From: Tejun Heo <tj@kernel.org>
To: serge.hallyn@ubuntu.com
Cc: linux-kernel@vger.kernel.org, adityakali@google.com,
linux-api@vger.kernel.org, containers@lists.linux-foundation.org,
cgroups@vger.kernel.org, lxc-devel@lists.linuxcontainers.org,
akpm@linux-foundation.org, ebiederm@xmission.com,
gregkh@linuxfoundation.org, lizefan@huawei.com,
hannes@cmpxchg.org, Serge Hallyn <serge.hallyn@canonical.com>
Subject: Re: [PATCH 7/8] cgroup: Add documentation for cgroup namespaces
Date: Mon, 28 Dec 2015 12:47:35 -0500 [thread overview]
Message-ID: <20151228174735.GB30165@mtj.duckdns.org> (raw)
In-Reply-To: <1450844609-9194-8-git-send-email-serge.hallyn@ubuntu.com>
Hello,
I did some heavy editing of the documentation.
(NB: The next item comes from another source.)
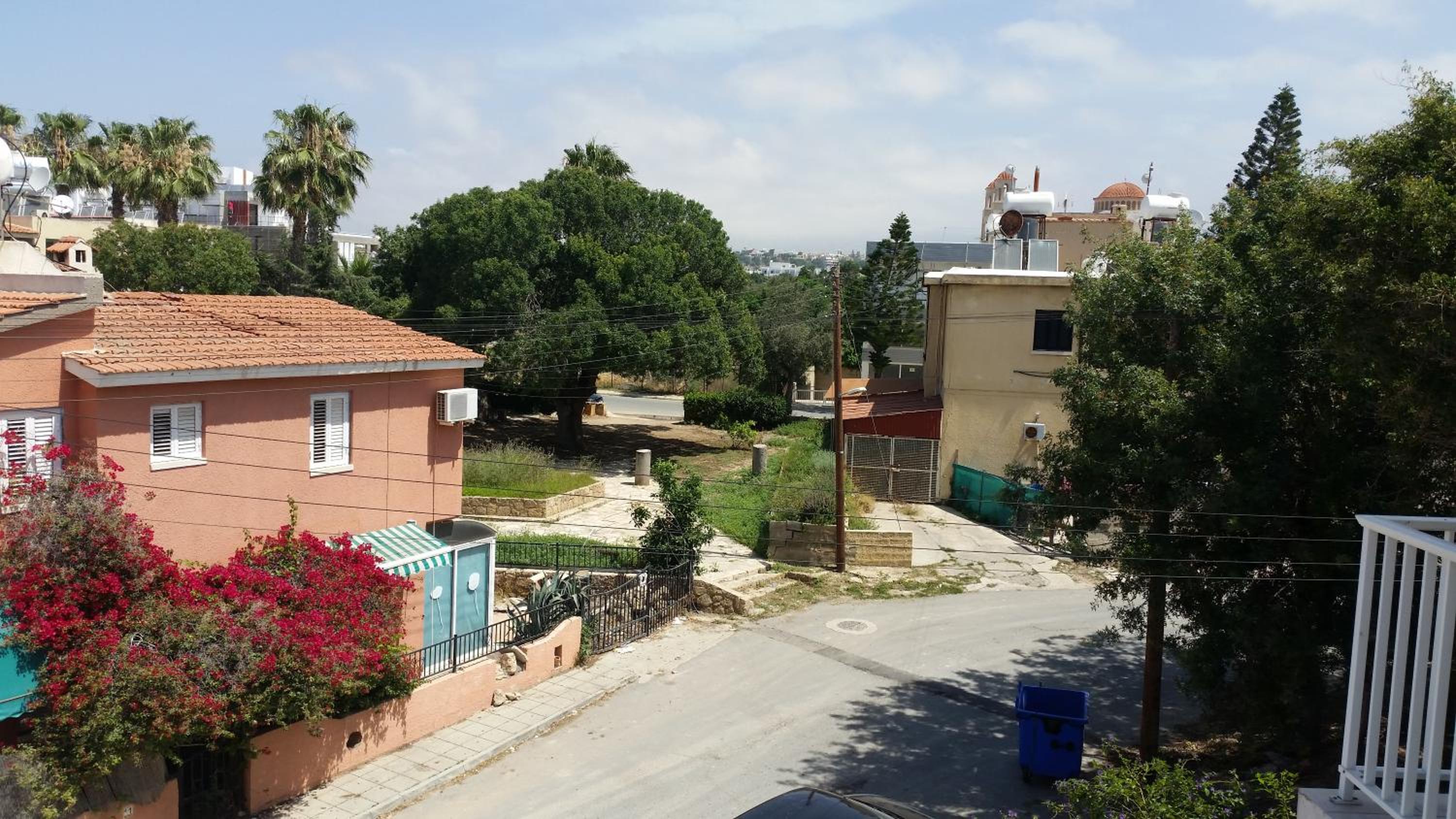 Faneromeni Court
How does this look?
Did I miss anything?
Thanks.
---
Documentation/cgroup.txt | 146 +++++++++++++++++++++++++++++++++++++++++++++++
1 file changed, 146 insertions(+)
--- a/Documentation/cgroup.txt
+++ b/Documentation/cgroup.txt
@@ -47,6 +47,11 @@ CONTENTS
5-3. IO
5-3-1. IO Interface Files
5-3-2. Writeback
+6. Namespace
+ 6-1. Basics
+ 6-2. The Root and Views
+ 6-3. Migration and setns(2)
+ 6-4. Interaction with Other Namespaces
P. Information on Kernel Programming
P-1. Filesystem Support for Writeback
D. Deprecated v1 Core Features
@@ -1013,6 +1018,147 @@ writeback as follows.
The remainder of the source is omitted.